Here are some random thoughts regarding the House Sparrow discussion:
1) Birders care about, and are interested in, all birds.
2) House Sparrows are unevenly distributed across the landscape, seasons and time.
3) Being somewhat "colonial" they succumb to disease and predation issues typical of species that occur in numbers in one place and time.
4) eBird can be used for more than a source of intel on how to home in on rare species.
5) Birders, at least a subset of us, can't resist sliding down the slippery slope of statistics.
6) House Sparrows are named for a reason and much of the time prefer...... areas with human houses (Passer domesticus).
7) When cost and safety (5-10 years from now?) preclude birder travel to exotic places like Kenya, Costa Rica, and Cottonwood Canyon, we can still be entertained, learn new things and observe/photograph beauty in our backyards and personal patches of open space or "wild" habitat.
Perhaps the most interesting thing I've ever read about House Sparrows is their penchant for bringing still smoldering cigarette butts to their nests as a source of smoke to reduce nest ectoparasites of threat to the birds and their young. Because they often build their nests within the outer and inner walls of human structures, this leads to them being a major culprit in the starting of structural fires (P. domesticus subsp. pyromaniacus?). This was reported from metro areas in the East, and I have not heard of it being observed in Colorado.

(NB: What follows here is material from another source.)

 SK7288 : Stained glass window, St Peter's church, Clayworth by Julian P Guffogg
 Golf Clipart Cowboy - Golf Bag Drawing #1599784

Maybe birders who know urban fire fighters can ask if this has been suspected locally.
Last Friday my planned trip to the retirement event of a friend in Salida was stopped still in its tracks by an accident on I-25 near DU. One quarter of the way to my destination after a lapse of half the time allotted, I made eggnog out of broken eggs, ate the 2-2-2 breakfast at Village Inn (over easy with bacon) and went to the Denver Zoo for the day. Living in a bush mostly within the Steller's Sea-Eagle enclosure is a little group of House Sparrows which seemed like an interesting association, especially right below the sign that said, "Watch Out For Eagle Poop". And I realized for the umpteenth time how handsome the males of this Old World species really are.